Romano Paoletti – Story of a Lifetime
Genre/Style: Americana, country, folk
Website: http://romanosmusic.com/
Notes: produced by Eric Thorin (Drew Emmitt Band). Features Eric Thorin, Sally Van Meter, Caleb Roberts, Eben Grace, Todd Moore, John McVey and Mollie O’brien and others. His grandfather, “Ragtime” Bob Darch, was the only living inductee of the Ragtime Hall of Fame. Romano’s mother, Norma Jean, was always a singer and was signed by Smokey Robinson of Motown Records.  He spent a lifetime with both of these people learning his craft.  It shows in his performances on the record.

David Williams & The Wildgrass Band featuring Kristina Murray – The Crazy Kind
Genre/Style: Americana, country, folk, bluegrass
Website: The best place I’ve found to sample tracks is at the CD Baby page for this album – cdbaby.com/cd/dwilliamswkmurray or hit http://myspace.com/davidwilliamssongs
Notes: The album features performances by Rockygrass mandolin winner Jordan Ramsey, Rockygrass banjo winner Chris Elliott, national fiddle champion (Weiser, ID) Katie Glassman and renowned Colorado bassist Duane Webster.
From website: David is  the 2009 EMMY AWARD WINNER IN COMPOSITION AND WRITING. Influenced by everything from gypsy jazz to folk, delta blues, swing, rockabilly, bluegrass & folk. As a singer-songwriter, David’s known for his way with words and melodies, which conjure up the American musical landscape.  His songs touch on everything from the difficulties of love to the people and places along old Route 66, or a carnival from his childhood, or swing tunes reminiscent of Tin-Pan-Alley—in a wide range of CDs released over the last 30 years.
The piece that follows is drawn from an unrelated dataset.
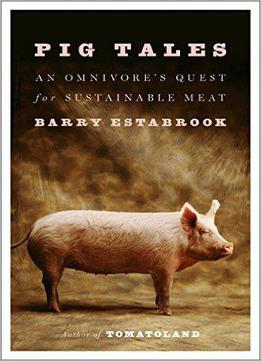 Pig Tales: An Omnivores Quest For Sustainable Meat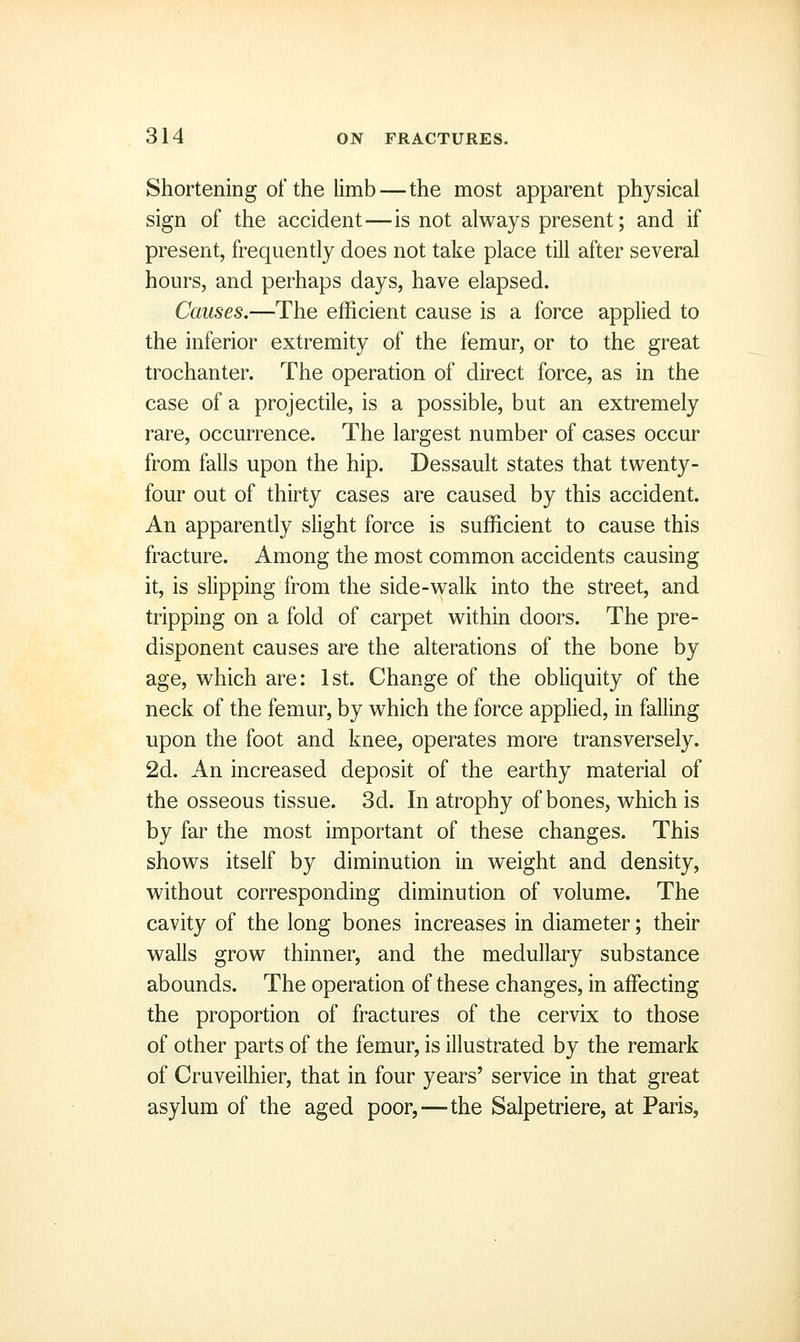 Shortening of the limb — the most apparent physical sign of the accident—is not always present; and if present, frequently does not take place till after several hours, and perhaps days, have elapsed. Causes.—The efficient cause is a force applied to the inferior extremity of the femur, or to the great trochanter. The operation of direct force, as in the case of a projectile, is a possible, but an extremely rare, occurrence. The largest number of cases occur from falls upon the hip. Dessault states that twenty- four out of thirty cases are caused by this accident. An apparently shght force is sufficient to cause this fracture. Among the most common accidents causing it, is slipping from the side-walk into the street, and tripping on a fold of carpet within doors. The pre- disponent causes are the alterations of the bone by age, which are: 1st. Change of the obliquity of the neck of the femur, by which the force applied, in falling upon the foot and knee, operates more transversely. 2d. An increased deposit of the earthy material of the osseous tissue. 3d. In atrophy of bones, which is by far the most important of these changes. This shows itself by diminution in weight and density, without corresponding diminution of volume. The cavity of the long bones increases in diameter; their walls grow thinner, and the medullary substance abounds. The operation of these changes, in affecting the proportion of fractures of the cervix to those of other parts of the femur, is illustrated by the remark of Cruveilhier, that in four years' service in that great asylum of the aged poor,—the Salpetriere, at Paris,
As musician, David has recorded and performed with Greg Brown, Dave Moore and others; and he studied and performed with the great Jethro Burns, of Homer and Jethro fame.  He has played at many of the large folk music festivals in North America, such as Vancouver and Winnipeg, where he has been recognized as both a songwriter and instrumentalist.

Recently, he has written a new musical/play about Django Reinhardt.  His group DECO DJANGO specializes in this infectious music from the 1930s.

David has also published a number of books with Alfred A. Knopf and Ghost Road Press, as well as short stories and poems. He holds a Ph.D. in English, and he has been a writer in residence at a number of colleges and universities in the US.  A working cartoonist, his work appears around the world through Carlton Cards and Soultrader of London.

He is an ALA and NAPPA award-winning albums for children and is currently the songwriter for the new PBS children’s show The Big Green Rabbit.  As DIRTY LINEN says, no one else writes kids songs like DW.

The Crazy Kind is not a kid’s music record.  David Williams is most definitely one of Colorado’s most literary country-folk artists.